ソフトバンク傘下で米携帯キャリアのSprintは今年2015年11月6日に同社が運営するWiMAXサービスを終了し、その帯域をTD-LTEの設備に順次入れ替えていく計画だが、これに反対する米国の2つの非営利組織(NPO)が計画阻止に向けた訴えを起こして話題になっている。2つのNPOは低所得者や公共機関向けのブロードバンド接続やホットスポットサービスをSprintのWiMAXネットワークを介して提供しており、停波によりサービスを利用不可能になるユーザーが30万人ほど出現すると訴えている。

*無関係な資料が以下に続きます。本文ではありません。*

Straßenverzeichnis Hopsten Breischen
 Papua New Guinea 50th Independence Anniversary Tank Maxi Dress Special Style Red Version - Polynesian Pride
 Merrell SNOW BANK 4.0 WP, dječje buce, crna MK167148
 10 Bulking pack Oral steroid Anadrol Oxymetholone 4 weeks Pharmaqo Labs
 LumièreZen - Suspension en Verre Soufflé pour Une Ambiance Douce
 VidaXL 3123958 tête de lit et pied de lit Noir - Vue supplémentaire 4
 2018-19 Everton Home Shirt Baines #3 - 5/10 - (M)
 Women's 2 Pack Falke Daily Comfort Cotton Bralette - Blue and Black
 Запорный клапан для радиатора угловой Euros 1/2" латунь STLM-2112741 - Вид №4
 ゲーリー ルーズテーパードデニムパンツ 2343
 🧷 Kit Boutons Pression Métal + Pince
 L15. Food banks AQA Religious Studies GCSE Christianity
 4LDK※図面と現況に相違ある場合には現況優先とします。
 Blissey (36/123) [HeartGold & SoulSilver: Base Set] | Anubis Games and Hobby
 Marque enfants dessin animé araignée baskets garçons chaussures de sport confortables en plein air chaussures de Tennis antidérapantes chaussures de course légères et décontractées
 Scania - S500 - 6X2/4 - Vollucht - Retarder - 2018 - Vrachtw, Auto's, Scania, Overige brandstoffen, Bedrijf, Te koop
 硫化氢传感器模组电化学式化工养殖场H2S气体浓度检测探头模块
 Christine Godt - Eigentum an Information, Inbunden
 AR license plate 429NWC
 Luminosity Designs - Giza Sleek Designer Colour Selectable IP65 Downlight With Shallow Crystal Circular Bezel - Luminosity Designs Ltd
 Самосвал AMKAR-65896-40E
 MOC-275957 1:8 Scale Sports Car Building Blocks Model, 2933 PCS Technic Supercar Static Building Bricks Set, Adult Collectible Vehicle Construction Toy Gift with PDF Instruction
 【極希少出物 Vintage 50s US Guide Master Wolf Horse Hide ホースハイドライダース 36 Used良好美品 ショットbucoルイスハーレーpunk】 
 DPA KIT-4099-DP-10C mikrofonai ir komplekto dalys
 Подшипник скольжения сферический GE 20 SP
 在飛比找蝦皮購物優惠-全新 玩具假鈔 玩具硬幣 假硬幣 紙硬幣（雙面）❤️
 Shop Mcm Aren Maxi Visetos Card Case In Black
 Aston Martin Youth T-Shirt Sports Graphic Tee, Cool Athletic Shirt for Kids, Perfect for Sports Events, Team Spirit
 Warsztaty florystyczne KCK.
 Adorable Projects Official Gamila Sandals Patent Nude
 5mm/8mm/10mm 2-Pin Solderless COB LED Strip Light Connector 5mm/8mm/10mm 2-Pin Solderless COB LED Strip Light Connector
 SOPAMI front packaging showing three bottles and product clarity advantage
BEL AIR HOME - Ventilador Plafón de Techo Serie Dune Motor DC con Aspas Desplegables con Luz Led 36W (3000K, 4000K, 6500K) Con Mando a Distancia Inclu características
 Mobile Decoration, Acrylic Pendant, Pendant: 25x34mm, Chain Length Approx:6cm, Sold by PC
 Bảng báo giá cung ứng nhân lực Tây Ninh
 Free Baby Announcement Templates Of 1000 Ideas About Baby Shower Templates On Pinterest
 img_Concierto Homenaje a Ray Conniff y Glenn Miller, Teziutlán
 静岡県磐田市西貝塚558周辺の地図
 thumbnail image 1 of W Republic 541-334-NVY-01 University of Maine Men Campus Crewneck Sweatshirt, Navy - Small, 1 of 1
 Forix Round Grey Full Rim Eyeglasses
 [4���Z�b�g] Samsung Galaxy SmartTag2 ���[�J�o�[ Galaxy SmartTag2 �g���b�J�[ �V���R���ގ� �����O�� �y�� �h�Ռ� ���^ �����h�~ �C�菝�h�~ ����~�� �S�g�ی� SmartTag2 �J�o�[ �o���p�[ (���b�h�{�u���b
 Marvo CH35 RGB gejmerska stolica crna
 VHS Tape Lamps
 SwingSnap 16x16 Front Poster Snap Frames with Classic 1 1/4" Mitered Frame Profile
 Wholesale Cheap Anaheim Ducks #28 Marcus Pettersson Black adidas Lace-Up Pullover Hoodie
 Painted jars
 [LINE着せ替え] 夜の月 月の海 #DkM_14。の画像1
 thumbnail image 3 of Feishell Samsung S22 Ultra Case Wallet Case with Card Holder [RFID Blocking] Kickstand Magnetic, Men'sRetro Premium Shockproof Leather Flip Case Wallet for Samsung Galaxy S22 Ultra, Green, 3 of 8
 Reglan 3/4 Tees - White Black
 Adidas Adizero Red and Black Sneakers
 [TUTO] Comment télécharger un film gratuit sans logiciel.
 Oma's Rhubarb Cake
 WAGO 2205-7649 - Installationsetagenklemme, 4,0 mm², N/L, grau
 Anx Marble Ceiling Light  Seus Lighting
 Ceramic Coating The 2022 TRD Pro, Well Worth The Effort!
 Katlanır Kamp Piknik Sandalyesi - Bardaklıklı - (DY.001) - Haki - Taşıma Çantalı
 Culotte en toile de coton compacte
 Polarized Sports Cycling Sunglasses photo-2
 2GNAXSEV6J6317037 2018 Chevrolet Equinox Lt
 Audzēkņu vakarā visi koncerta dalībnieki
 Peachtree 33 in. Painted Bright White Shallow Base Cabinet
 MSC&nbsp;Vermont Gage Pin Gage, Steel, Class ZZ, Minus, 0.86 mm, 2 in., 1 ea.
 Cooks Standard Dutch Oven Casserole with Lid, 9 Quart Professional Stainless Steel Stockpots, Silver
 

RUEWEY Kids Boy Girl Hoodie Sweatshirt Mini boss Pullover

同件はThe Vergeが報じている。訴訟を起こした2つのNPOは「Mobile Beacon」と「Mobile Citizen」で、もともとはSprintに吸収される前のClearwireとの契約に基づいてWiMAXサービスを利用していたもので、米連邦通信委員会(FCC)により教育目的で分配が行われていた周波数帯域を、NPO側がClearwireのエリア拡大に協力する形で貸与する見返りに利用料の受け取りのほか、ネットワークや機器の利用が許可されていた経緯があるという。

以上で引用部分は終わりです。